Granby Way

Granby Way is the road circumnavigating Granby Green. At time of writing, May 2012, the homes in Granby Way were built in three different periods...
  • North side - late 1950s post-war flats
  • West side - 1974 tower block, Marlborough House
  • South side - 2008 terraced houses with gardens, and 2011 Extra Care Home for the Elderly
  • And then there is the Green at centre of Granby Way - which was updated in 2009

Before and After. The top image is from 2007 courtesy of Google Earth; it shows the road named Granby Way surrounding Granby Green. Park Avenue is the road on the right. The large building at left with a white roof is Marlborough House tower block. Redevelopment took place shortly after this image was taken, to the south of the Green, and of the Green itself - as seen in the lower image taken 2012.

NORTH SIDE - Late 1950s Post-War Flats

front of Granby Way flats-north side -2009
Granby Way, north side, Front of council flats c2009
rear of Granby Way flats-north side-2009
Granby Way, north side, Rear of the same council flats c2009.

The two images above show the front and rear of the council flats on the north side of Granby Way. These flats, and similar types built on the plot behind, were constructed between 1957-1960, on the site of Granby Barracks. (On the western half of Granby Barracks that is - the eastern half being on the other side of Park Avenue). Parts of Granby Barracks survived WWII and were still in use by the military during the 1950s, but being in run-down condition nearly all were demolished by 1960 and the last few disappeared by the mid 1960s. (The NAAFI building remained and was subsequently used for community purposes) The Army returned the land to the city, which a) being desperate city-wide for housing sites, and b) attempting to rebuild war-torn Devonport, built these flats.

These post-war flats had a life-span of just over 50 years, since this whole plot on the north of Granby Way, the western half of the ex Granby Barracks plot, is currently due for redevelopment once again, as part of Devonport's Regeneration programme. Now, at 2012, many of the maisonettes/flats to the rear of the above block have been vacated in preparation for demolition and rebuild.

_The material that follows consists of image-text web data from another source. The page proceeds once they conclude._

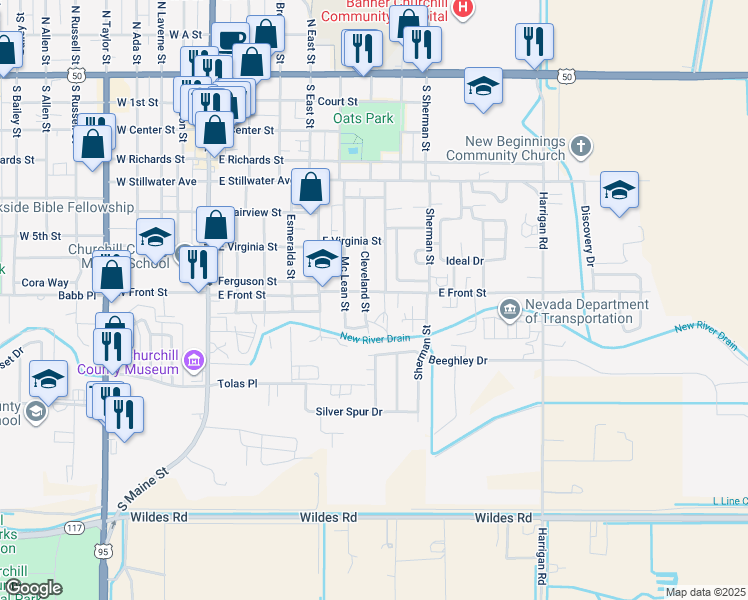 map of restaurants, bars, coffee shops, grocery stores, and more near 721 Cleveland Street in Fallon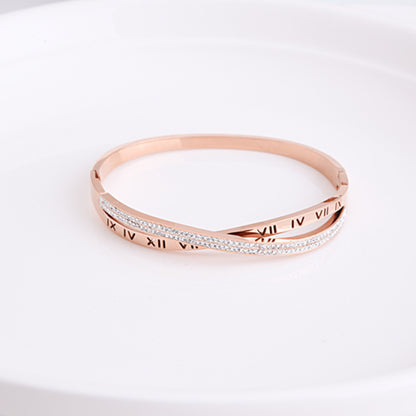 Women’s Roman Word Diamond Bracelet – Stylish & Durable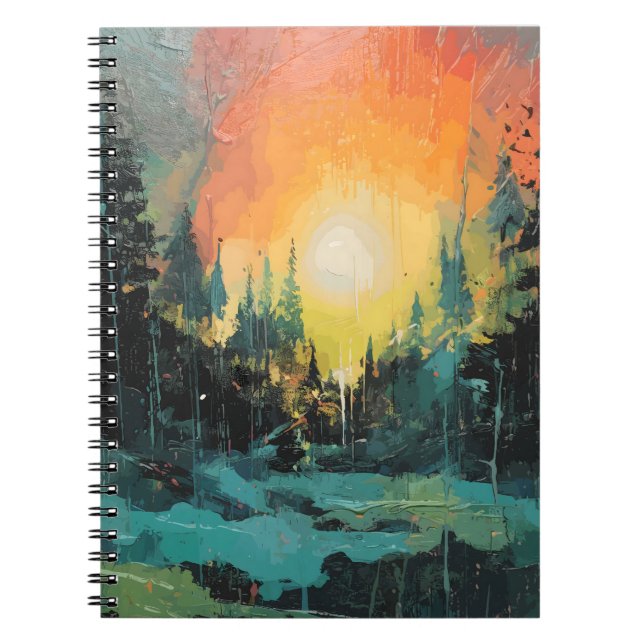 Awesome Sunrise Over the Mountain Landscape Notebook (Front)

WEST SIDE - 1974 Tower Block, Marlborough House

Marlborough House was completed in 1974; it is 12 stories high and contains a two-bedroom flat on each corner of each floor of the building, the rest are one-bedroom flats.

Above: A side view of Marlborough House at 2009. The railings at left of the photo are on the spot where the temporary post-war F.W.Woolworth stood before relocating to Marlborough Street - which after 1957 became the site of South-Yard dockyard gate. The dockyard gate has since been resited and is now out of view (20-30 meters behind the photographer).

Author's memories:"Prior to Marlborough House being built I can recall there being a public house on one corner of that stretch of road facing Granby Green - it was either called the Two Trees or the Two Triangles.

On the other corner, nearest South Yard dockyard gate, once stood the Co-op building. I recall being in the Co-op with my mother when I was around five years old (early 1950s). When she paid for her items the assistant placed the money in a contraption attached to wires which shot upwards out of site, and returned a few minutes later with a receipt inside. It was a tubular thing, I don't know its name, but all money was taken this way at that shop. When the Co-op closed the building was used for a while by a dancing studio. I learned to cha-cha-cha at this studio when I was sixteen. That very spot is now the site of the ground-floor semi-circular community room of Marlborough House.

In the middle, of this same block then facing Granby Green, was a fish and chip shop, and nearby, but closer toward Granby Gate, an old chap would stand every day selling the Evening Herald newspaper from a stand. I can also recall, was it late 1965 or during 1966....?, Dr David Owen canvassing for votes around here, and once or twice saw him talking to various persons at Granby Gate itself - I remember thinking how good-looking he was. I believe he was trying to attract the vote of Yardies, of whom hundreds used to leave work through Granby Gate in those days."

A 2009 view of the front Marlborough House as it faces Granby Green. The short stretch of road at left, between the Marlborough House semi-circular community room and The Magnet public house in the distance, was, until 1963, shown on maps as Princes Street (being the western end of Princes Street)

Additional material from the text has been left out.